Además, misteriosas explosiones en instalaciones atómicas o de misiles han suscitado sospechas.
La muerte en enero de 2007 de Ardeshir Hoseinpur, un especialista en electromagnetismo que trabajaba en la planta de conversión de uranio de Isfahán, fue la primera en desatar las especulaciones de un plan del Mosad para descabezar el programa nuclear iraní. Las autoridades dijeron que se había intoxicado con una estufa mientras dormía, pero tardaron seis días en anunciarla, lo que dio lugar a especulaciones que iban desde un exceso radiación hasta un escape de gas.

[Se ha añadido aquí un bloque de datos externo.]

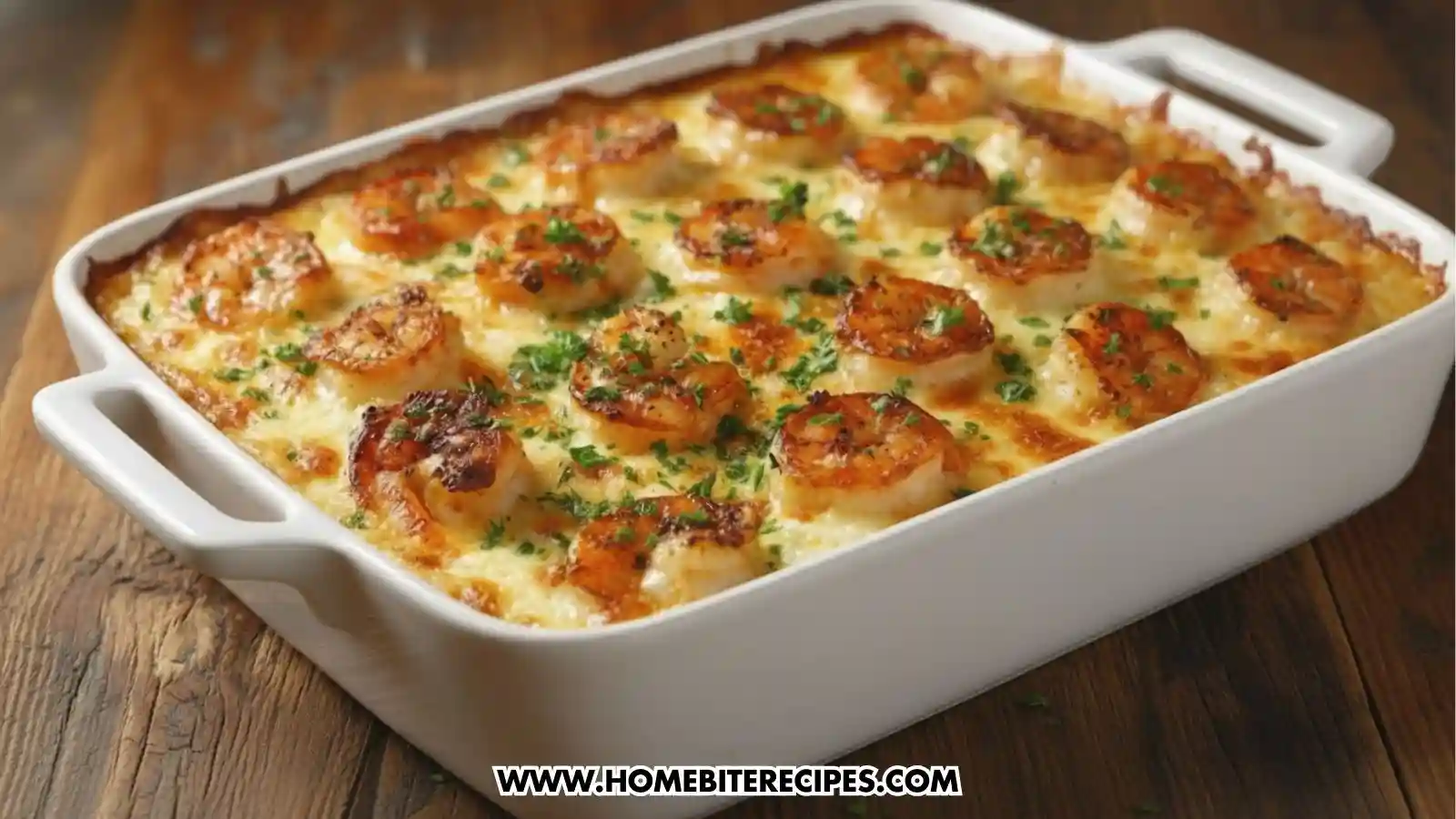 A creamy baked garlic shrimp casserole topped with golden-brown seared shrimp and freshly chopped parsley in a white ceramic baking dish.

El pasado noviembre, una explosión en una base militar a las afueras de Teherán acabó con la vida del general Hasan Moghaddam, jefe del programa de misiles de los Pasdarán, el cuerpo de élite que también se ocupa del desarrollo nuclear.
Incluso si las operaciones se planifican en Tel Aviv, no está claro quién las lleva a cabo sobre el terreno. Las especulaciones apuntan a grupos disidentes iraníes, el más prominente de los cuales, los Muyahidin Jalq, desveló la existencia del programa nuclear y tiene una larga historia de acciones terroristas.
Teherán anuncia periódicamente la detención de “espías” o “saboteadores” que trabajan para Estados Unidos o Israel. El último conocido, Amir Mirza Hekmati, un ciudadano estadounidense de origen iraní, cuya confesión televisada convence tan poco como todas las anteriores. Convertido en un nuevo escenario de guerra fría, Irán sigue buscando al agente Smiley.